From: KAMEZAWA Hiroyuki on
On Fri, 09 Jul 2010 19:06:28 -0400
Munehiro Ikeda <m-ikeda(a)ds.jp.nec.com> wrote:

> OK, we can do it like:
>
> do {
> old = pc->flags;
> new = old & ((1UL << PAGE_TRACKING_ID_SHIFT) - 1);
> new |= (unsigned long)(id << PAGE_TRACKING_ID_SHIFT);
> } while (cmpxchg(&pc->flags, old, new) != old);
>
>
> > IIUC, there is an generic version now even if it's heavy.
>
> I couldn't find it out...is there already? Or you mean we should
> have generic one?
>

generic cmpxchg in /include/asm-generic/cmpxchg.h
But...ahh...in some arch, you can't use cmpxchg, sorry.

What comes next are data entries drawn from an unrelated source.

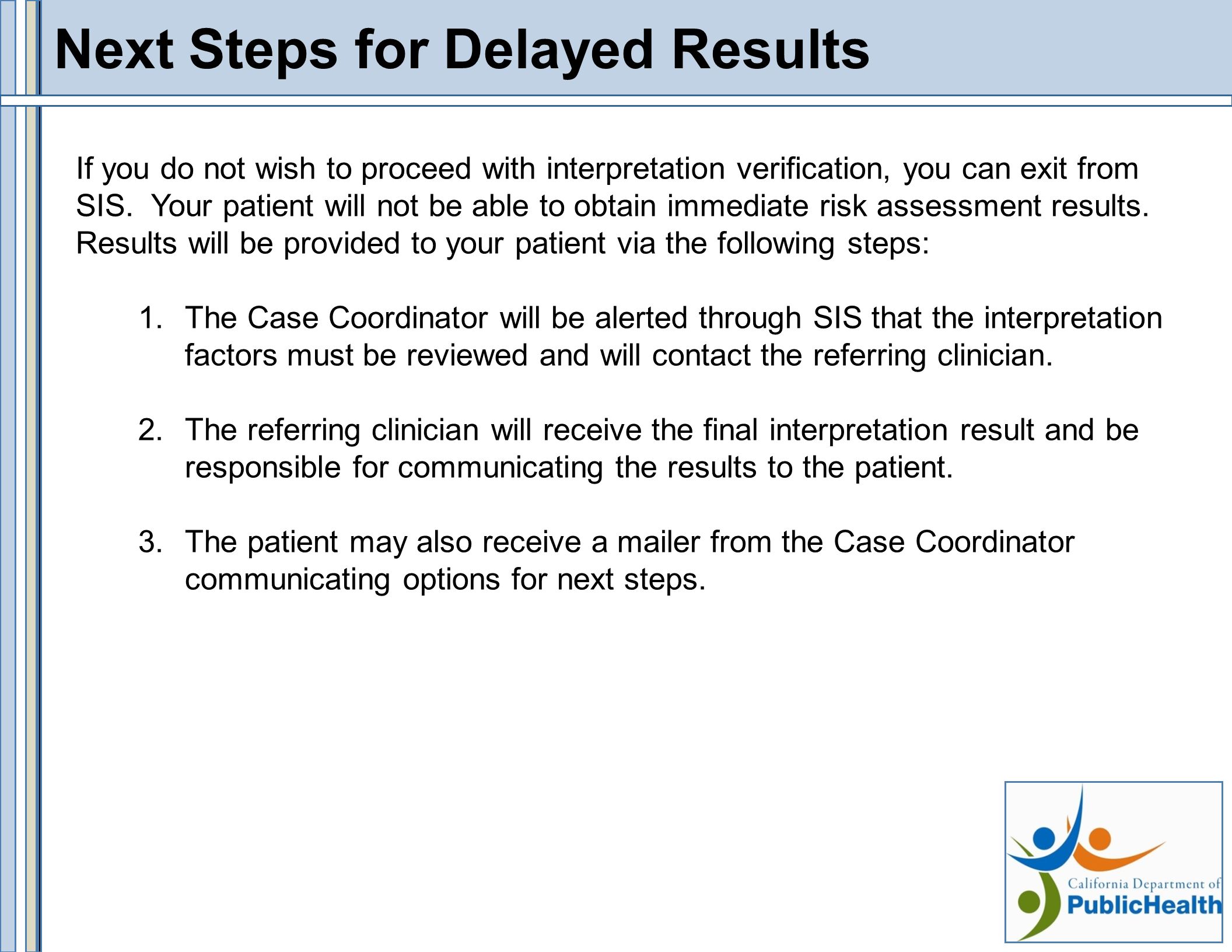 Next Steps for Delayed Results If you do not wish to proceed with interpretation verification, you can exit from SIS.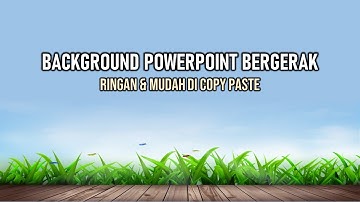 Cara Membuat Background PowerPoint Bergerak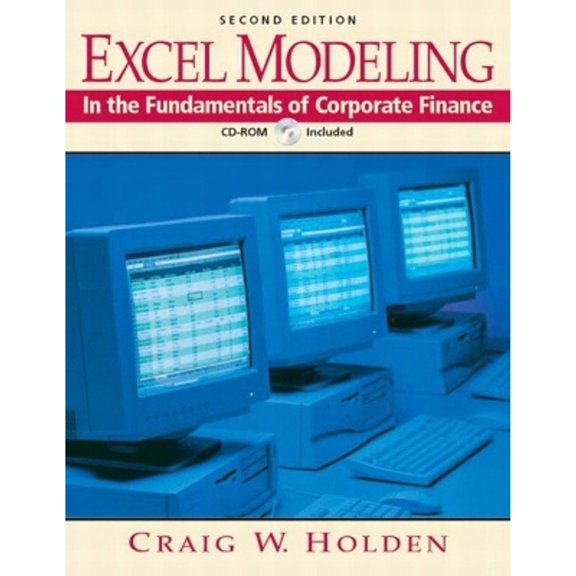 Pre-Owned Excel Modeling in the Fundamentals of Corporate Finance (Paperback) 0131424114 9780131424111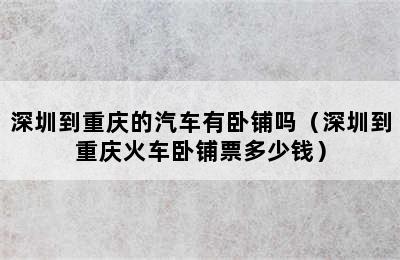 深圳到重庆的汽车有卧铺吗（深圳到重庆火车卧铺票多少钱）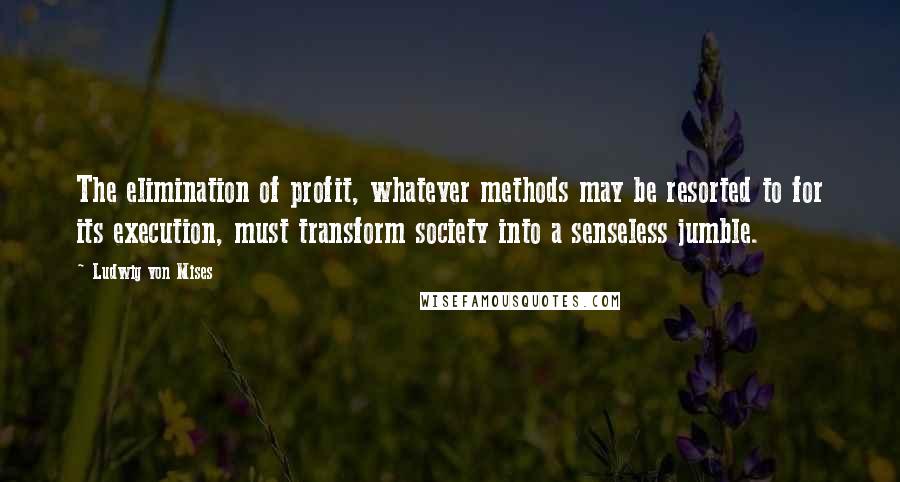 Ludwig Von Mises Quotes: The elimination of profit, whatever methods may be resorted to for its execution, must transform society into a senseless jumble.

How about start from "a new field" for I/O cgroup in page_cgroup ?

struct page_cgroup {
unsigned long flags;
struct mem_cgroup *mem_cgroup;
unsigned short blkio_cgroup_id;
struct page *page;
struct list_head lru; /* per cgroup LRU list */
};

We can consider how we optimize it out, later.
(And, it's easier to debug and make development smooth.)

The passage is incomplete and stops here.